Let me remind you that the laptop have two graphics cards - integrated Intel and discrete vNidia.

In link
https://wiki.freebsd.org/Graphics/Update i915 GPU driver to Linux 3.8
it is said that the new update version of the Linux kernel to 3.8, but I can see an old version of Linux.
`sysctl compat.linux.osrelease`
compat.linux.osrelease: 2.6.32

Excuse me, but what a separate branch, which exists separately from the STABLE and CURRENT?
How to work with it, then how to update and maintain?
What is the probability that this work will be included in 11-RELEASE and not have to wait for next version to STABLE or CURRENT?

Good people, what to do now? Where to go next?


----------



## ondra_knezour (Mar 1, 2016)

The sysctl(8) has nothing to do with GPU support - it is related to the Linux emulation, which is not needed in regards of this driver.

Development of this driver and kernel needed parts is done in separate repository on Github.
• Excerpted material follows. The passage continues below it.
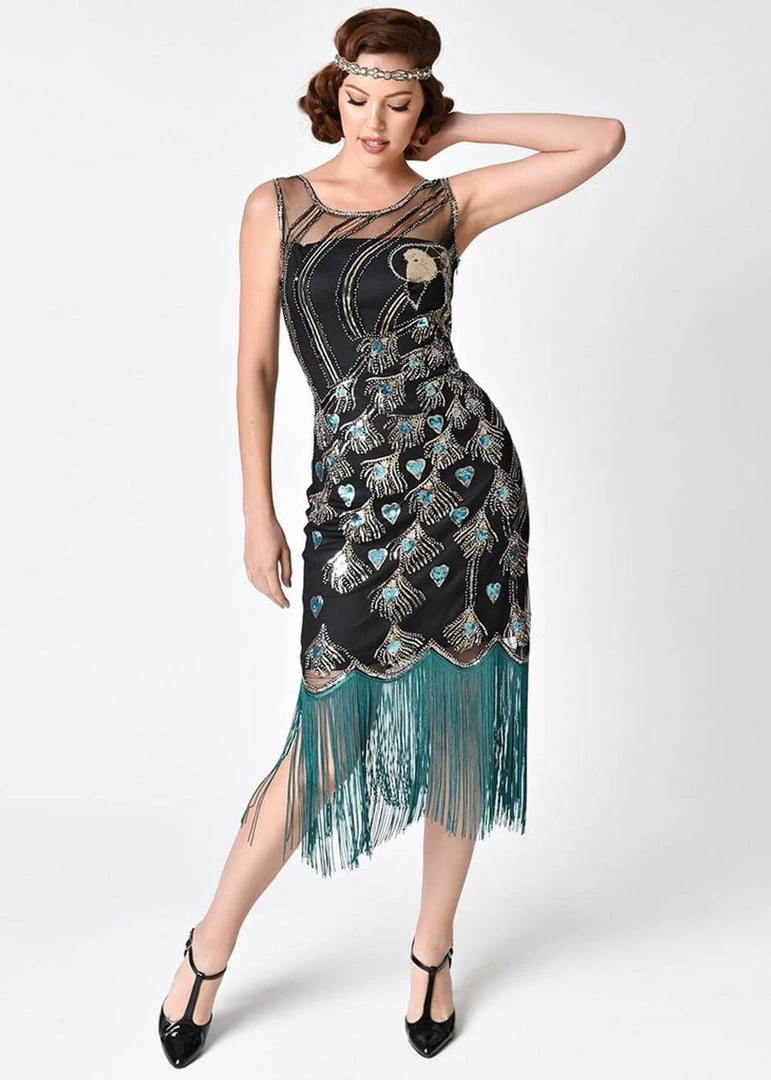 New In Unique Vintage Antoinette Peacock 20’s Flapper Dress Emerald Green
Wikipage you mentioned contains info how to build and install kernel with needed bits. However it is ongoing work, things may broke or not function at all. Zero support included.


----------



## dmtr (Mar 1, 2016)

That is, it makes no sense to update the version 10.2 RELEASE to 11-CURRENT or 11.0-RELEASE?
In which version will apply these changes?


----------



## protocelt (Mar 1, 2016)

11-CURRENT is not supported here on the forums at all: Thread 40469. You can however ask your questions on the freebsd-current mailing list.
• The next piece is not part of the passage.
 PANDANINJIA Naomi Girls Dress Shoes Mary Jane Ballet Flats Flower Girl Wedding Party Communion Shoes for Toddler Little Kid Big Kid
Additionally, your hardware is using Nvidia Optimus technology which is not supported under FreeBSD at all. If I recall, some FreeBSD users have been able to configure the Intel or Nvidia driver only and have it work successfully but it normally will not work and is not supported at all.


----------



## dmtr (Mar 2, 2016)

Good day!
I take your point.
Just one thing.
Why discuss here the https://wiki.freebsd.org/Graphics/Update i915 GPU driver to Linux 3.8 which is a direct successor to the CURRENT version. Hitch turns out.


----------



## ondra_knezour (Mar 2, 2016)

Sorry, I don't understand what you are asking for. Regarding Linux - somebody, probably intel, develops the driver for unix-like systems on Linux systems. Then it is easier for the FreeBSD developers to mimic some interfaces in our kernel and relatively straightforward port the driver then change each Linux system call in each driver which we want ported to the way FreeBSD does things.
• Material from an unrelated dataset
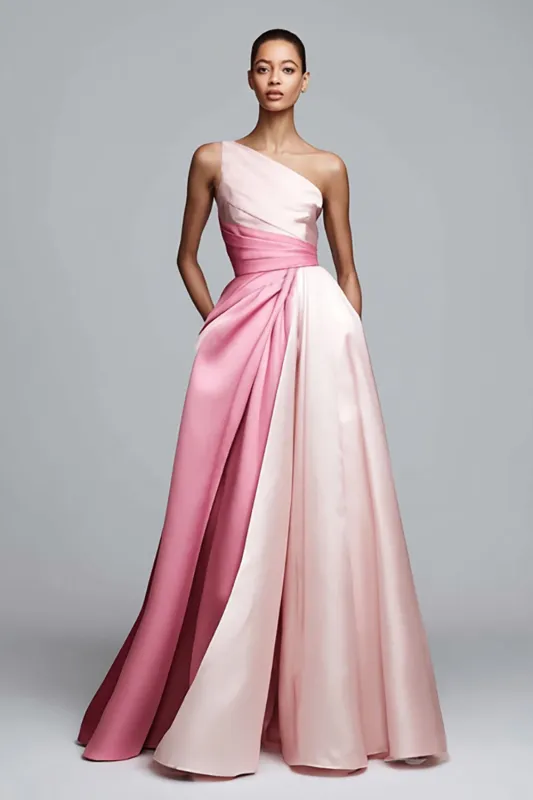Pink A-Line One Shoulder Ruched Long Formal Dress made by Wedtrend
Regarding CURRENT and other/multiple versions - It is usual that developer take copy of the source tree and works locally/outside on it, especially with longtime projects like this one. When the work is done, his local changes are merged back to the project tree. This way ensures that many people can do many incompatible changes without breaking each other work.


----------



## ondra_knezour (Mar 2, 2016)

And to the protocelts' post - this forum is aimed primarily to the end users of the FreeBSD system. HEAD/CURRENT branch is work in progress, considered not suitable for production use and thus not for regular users, but only for developers and testers. There is not enough manpower here to support beginners with questions like "I just rebuilt my 11.nothing system and it doesn't boot now".


----------



## dmtr (Mar 2, 2016)

Yes, of course, it's open source. 
I just want to know when will support for Intel FreeBSD.
Wait for it at all and to what version? It is clear that it is not for You.

With regard to assistance, this question is correct.
The state of Intel or Asus will be more.
And then there are a number of political issues.
In this respect, nVidia is being very reasonable.

Well, until there is nothing left to wait for. And still need to return the system and make a downgrade.


----------